Studio album by The Dingees
- Released: January 23, 2001
- Genres: Punk rock, ska
- Length: 39:17
- Label: Tooth & Nail / Open Water
- Producers: The Dingees; Chris Colbert; Frank Lenz

The Dingees chronology
| Sundown to Midnight (1999) | The Crucial Conspiracy (2001) | Rebel Soul Sound System (2010) |

= The Crucial Conspiracy =

2001 studio album by the Dingees

The Crucial Conspiracy is the third full-length album by Californian ska band The Dingees.
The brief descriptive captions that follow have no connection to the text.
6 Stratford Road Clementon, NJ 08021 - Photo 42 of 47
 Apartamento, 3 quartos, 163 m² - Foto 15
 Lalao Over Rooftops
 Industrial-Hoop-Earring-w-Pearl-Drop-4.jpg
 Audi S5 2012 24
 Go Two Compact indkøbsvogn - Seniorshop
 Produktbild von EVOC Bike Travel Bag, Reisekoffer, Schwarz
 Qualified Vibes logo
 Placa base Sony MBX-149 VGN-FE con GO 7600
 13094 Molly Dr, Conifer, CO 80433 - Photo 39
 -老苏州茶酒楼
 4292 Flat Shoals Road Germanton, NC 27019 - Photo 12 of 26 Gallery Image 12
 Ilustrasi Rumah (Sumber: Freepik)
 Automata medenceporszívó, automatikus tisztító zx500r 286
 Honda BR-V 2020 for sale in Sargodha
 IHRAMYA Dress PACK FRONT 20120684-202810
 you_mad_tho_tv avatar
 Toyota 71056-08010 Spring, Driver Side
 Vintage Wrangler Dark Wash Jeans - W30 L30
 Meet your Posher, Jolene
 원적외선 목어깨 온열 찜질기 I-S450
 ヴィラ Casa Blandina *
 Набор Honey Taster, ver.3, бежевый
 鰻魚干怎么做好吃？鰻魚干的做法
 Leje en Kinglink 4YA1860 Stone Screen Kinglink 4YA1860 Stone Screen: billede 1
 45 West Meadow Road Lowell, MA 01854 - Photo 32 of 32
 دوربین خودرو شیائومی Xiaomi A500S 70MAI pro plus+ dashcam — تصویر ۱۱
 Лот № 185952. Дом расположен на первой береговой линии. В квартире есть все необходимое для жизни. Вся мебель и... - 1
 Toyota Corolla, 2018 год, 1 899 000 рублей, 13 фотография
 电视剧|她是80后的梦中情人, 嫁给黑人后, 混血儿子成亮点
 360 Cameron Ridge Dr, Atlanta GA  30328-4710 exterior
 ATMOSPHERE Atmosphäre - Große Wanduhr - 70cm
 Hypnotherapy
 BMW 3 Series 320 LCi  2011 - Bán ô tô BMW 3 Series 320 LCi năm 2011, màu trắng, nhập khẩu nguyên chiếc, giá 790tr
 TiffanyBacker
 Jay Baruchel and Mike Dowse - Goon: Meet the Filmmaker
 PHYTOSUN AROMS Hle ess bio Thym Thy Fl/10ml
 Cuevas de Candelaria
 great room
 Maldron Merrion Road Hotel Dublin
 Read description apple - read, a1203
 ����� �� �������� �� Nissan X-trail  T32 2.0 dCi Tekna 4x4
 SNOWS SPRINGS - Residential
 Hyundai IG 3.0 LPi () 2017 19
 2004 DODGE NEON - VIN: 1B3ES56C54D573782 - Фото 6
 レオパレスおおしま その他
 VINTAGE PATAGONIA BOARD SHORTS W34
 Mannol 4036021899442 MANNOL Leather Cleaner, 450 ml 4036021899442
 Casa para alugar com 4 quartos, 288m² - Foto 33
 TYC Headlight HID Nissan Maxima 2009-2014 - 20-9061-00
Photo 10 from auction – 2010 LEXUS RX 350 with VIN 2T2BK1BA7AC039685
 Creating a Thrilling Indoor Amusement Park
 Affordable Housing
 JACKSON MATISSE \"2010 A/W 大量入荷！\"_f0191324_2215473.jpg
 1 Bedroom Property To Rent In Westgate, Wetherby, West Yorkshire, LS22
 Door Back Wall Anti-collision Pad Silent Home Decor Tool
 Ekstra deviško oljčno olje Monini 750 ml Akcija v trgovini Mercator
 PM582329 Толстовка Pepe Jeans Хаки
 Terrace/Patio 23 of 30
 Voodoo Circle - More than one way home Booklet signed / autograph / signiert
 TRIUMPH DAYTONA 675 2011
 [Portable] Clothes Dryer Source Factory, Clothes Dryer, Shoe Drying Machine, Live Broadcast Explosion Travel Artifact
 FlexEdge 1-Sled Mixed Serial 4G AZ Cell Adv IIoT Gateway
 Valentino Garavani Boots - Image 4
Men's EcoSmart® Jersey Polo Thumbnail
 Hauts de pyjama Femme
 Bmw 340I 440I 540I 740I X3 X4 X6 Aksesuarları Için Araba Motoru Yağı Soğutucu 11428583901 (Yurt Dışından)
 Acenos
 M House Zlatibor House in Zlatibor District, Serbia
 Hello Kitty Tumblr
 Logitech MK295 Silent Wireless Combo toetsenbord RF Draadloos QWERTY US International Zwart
The album shows a reggae and roots music influence, although its style constantly shifts and includes what was described as only "a fading memory" of third wave ska.

Professional ratings
Review scores
| Source | Rating |
| Cross Rhythms | (not rated) link |
| The Phantom Tollbooth | (not rated) link |
| Jesus Freak Hideout | (not rated) link |
| CCM Magazine | (not rated) |
| HM Magazine | (not rated) |

==Track listing==
1. "Spray Paint" – 3:03
2. "Middle Man" – 2:14
3. "Summer" – 3:41
4. "Dear Sister, Dear Brother" – 4:21
5. "Christina Fight Back" – 1:41
6. "Ronnie Raygun" – 1:15
7. "We Rot the Voodoo" – 2:52
8. "General Information" – 2:17
9. "Latch Key Kids" – 3:44
10. "Moving Underground" – 4:10
11. "Whole Scene" – 3:43
12. "The World's Last Night" – 4:37
13. "Declaration" – 1:39

==Personnel==
- Pegleg – vocals, guitar, sax
- Dave Chevalier – throat, tenor sax, organ, piano
- Aaron Landers – guitar, organ, backups
- Bean – M-bass
- Scott Rodgers – drums, backups

==Guest musicians==
- J Bonner – Hammond organ, Rhodes, clavinet, Melodica, Produb
- Angelo Moore – bari sax, alto sax, Theremin, vocals
- Ronnie Martin – synth
- Travis Larsen – trombone
- Mike Sullivan – trumpet
- Frank Lenz – drums, percussion, organ, piano
- Chris Colbert – sampling

==Vinyl release==
The Crucial Conspiracy was re-released on vinyl by Open Water Records in 2009.